7. 📖 Improved readability by refactoring inline styles into CSS classes.
8. 🚨 Added CSP meta tag to test HTML files.
9. 🚀 Optimized some functions by reducing inline style manipulations.

Identified Issues

ID	Type	Details	Severity	Confidence
1	🚨Security	Inline styles removed but some classes like tooltip-arrow-offset-* can lead to dynamic class injection	🟠Medium	🟠Medium
2	🚀Performance	The function createElementFromHTML uses DOMParser which can be replaced with innerHTML for better performance	🟡Low	🟡Low
3	💪Best Practices	The clearContent function could be optimized by setting innerHTML to an empty string.	🟡Low	🟡Low
4	💪Best Practices	The function appendArrow creates a new div element every time, which might be unnecessary.	🟡Low	🟡Low
5	📖Readability	The calculateArrowOffset function's formula is complex and could use inline comments.	🟡Low	🟡Low
6	📖Readability	The getColorClassName function could have a more descriptive name.	🟡Low	🟡Low

Code Snippets for Fixes

1. Security Issue Fix (Dynamic Class Injection):

   // src/component/tooltip/TooltipHTMLContent.ts
   function getColorClassName(color: ZRColor) {
       const colorValue = convertToColorString(color);
       return btoa(colorValue); // Base64 encoding to avoid injection
   }

2. Performance Optimization (DOMParser):

   // src/component/tooltip/tooltipMarkup.ts
   function createElementFromHTML(htmlString: string) {
       const tempDiv = document.createElement('div');
       tempDiv.innerHTML = htmlString.trim();
       return tempDiv.firstChild;
   }

3. Best Practices (clearContent Optimization):

   // src/component/tooltip/TooltipHTMLContent.ts
   function clearContent(el: HTMLElement) {
       el.innerHTML = '';
   }

4. Best Practices (appendArrow Optimization):

   // src/component/tooltip/TooltipHTMLContent.ts
   function appendArrow(el: HTMLElement, arrow: string) {
       if (!arrow) {
           return;
       }
       el.innerHTML += arrow;
   }

5. Readability Improvement (Inline Comments):

   // src/component/tooltip/TooltipHTMLContent.ts
   function calculateArrowOffset(rotatedWH: number, borderWidth: number, arrowWH: number) {
       // Calculate the offset of the arrow based on the rotated width and border width
       return Math.round(
           (
               ((rotatedWH - Math.SQRT2 * borderWidth) / 2
                   + Math.SQRT2 * borderWidth
                   - (rotatedWH - arrowWH) / 2)
               * 100
           ) / 100
       );
   }

6. Readability Improvement (Function Naming):

   // src/component/tooltip/TooltipHTMLContent.ts
   function generateColorClassName(color: ZRColor) {
       const colorValue = convertToColorString(color);
       return colorValue.replace(/[^a-zA-Z0-9]/g, '');
   }

General Review

The incoming changes significantly improve the codebase by introducing modular functions and replacing inline styles with CSS classes, which enhances compliance with CSP. However, there are minor issues related to security, performance, and readability that need attention.
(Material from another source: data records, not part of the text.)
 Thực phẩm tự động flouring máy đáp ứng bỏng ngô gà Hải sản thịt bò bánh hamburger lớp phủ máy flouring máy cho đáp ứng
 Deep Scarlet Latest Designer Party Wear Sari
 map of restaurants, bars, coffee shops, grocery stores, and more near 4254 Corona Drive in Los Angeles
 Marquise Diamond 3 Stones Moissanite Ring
The code quality is generally good, but a few optimizations and better naming conventions can further improve it.

--
I only arrive when I am mentioned and asked to review the pull request.
React or reply to keep the discussion going!

[github-actions]

The changes brought by this PR can be previewed at: https://echarts.apache.org/examples/editor?version=PR-19717@8221d35

[freaky126]

@plainheart Could you reivew this issue ASAP, please.